Etiquetas RFID para os Correios possuem telas de cristal líquido

Grande parte do trabalho feito diariamente pelos Correios já está automatizado, graças ao código de endereçamento postal, o nosso conhecido CEP. Mas, em comparação com outros trabalhos de logística, a automação poderia ser bem maior, aumentando a velocidade na entrega das correspondências e diminuindo os custos.

Uma das maiores dificuldades na automação das tarefas de entrega de correspondências e encomendas está no fato de que o mesmo envelope ou pacote deve ser lido indistintamente por pessoas e máquinas – ambos devendo retirar do pacote exatamente a mesma informação. E os códigos de barras já atingiram seus limites na tarefa de permitir que as máquinas saibam do que se trata o texto escrito nas etiquetas de endereçamento.
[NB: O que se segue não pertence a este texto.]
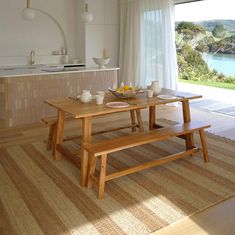 a wooden table sitting in front of a window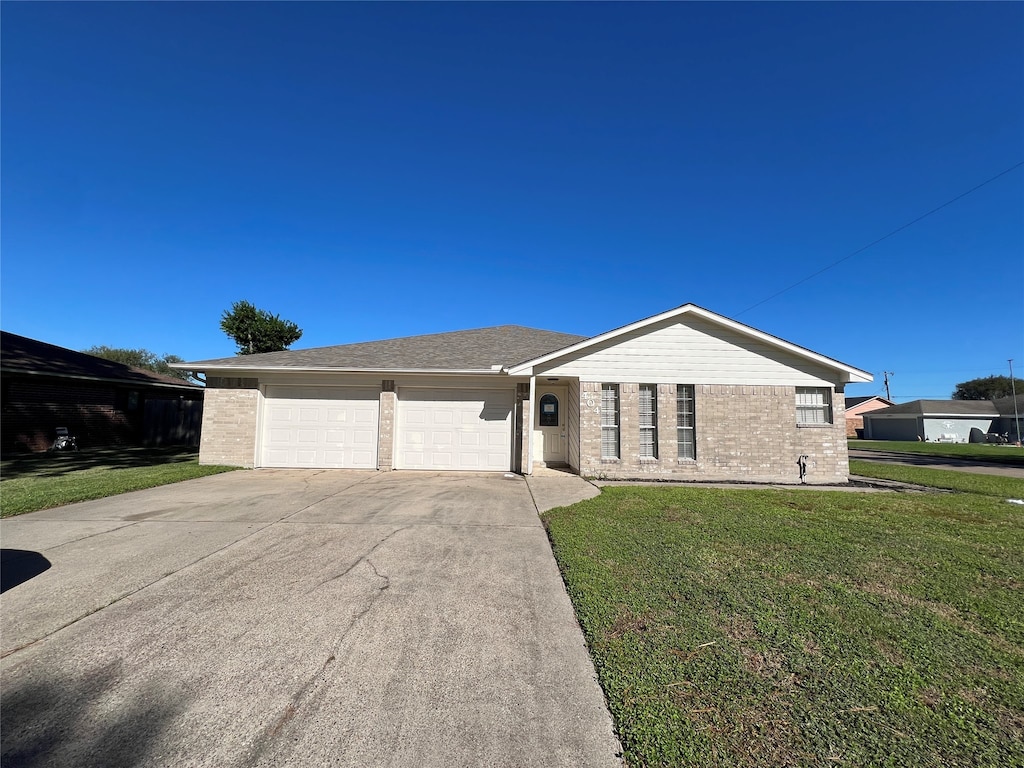 ranch-style home with a garage and a front yard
Pensando nisto, pesquisadores do Instituto Fraunhofer, Alemanha, criaram uma nova etiqueta RFID – “Radio Frequency IDentification”, ou identificação por rádio-freqüência, uma etiqueta contendo um minúsculo microchip capaz de guardar uma quantidade de informações muito maior do que é possível colocar em um código de barras – com a grande vantagem de que a informação pode ser lida automaticamente à distância por leitores sem fio, sem a necessidade de que o pacote seja colocado na frente de um visor a laser. Alguns tipos de etiquetas RFID permitem até mesmo que a informação seja atualizada à medida em que a mercadoria vai passando em cada etapa ou ponto de checagem.

A nova etiqueta RFID para utilização nos Correios tem ainda uma vantagem adicional: ela incorpora uma pequena tela de cristal líquido. Com isto, não apenas os equipamentos automatizados conseguem ler todos os dados do pacote, mas os carteiros também podem visualizá-la sem necessidade de nenhum equipamento, já que as informações são mostradas na tela.

As etiquetas, que podem ser lidas tanto eletronicamente quanto visualmente, foram batizadas de D-RFID, com o D equivalendo a “display” ou tela. Elas não têm baterias e a energia para seu funcionamento é fornecida pelo equipamento de leitura sem fio. A energia chega à etiqueta na forma de ondas eletromagnéticas emitidas pelo leitor.

Devido ao custo elevado, as etiquetas D-RFID serão reutilizáveis e deverão operar por um período entre quatro e cinco anos. Seu principal uso deverá ser nos contâineres, grandes caixas que empacotam várias correspondências para destinos comuns.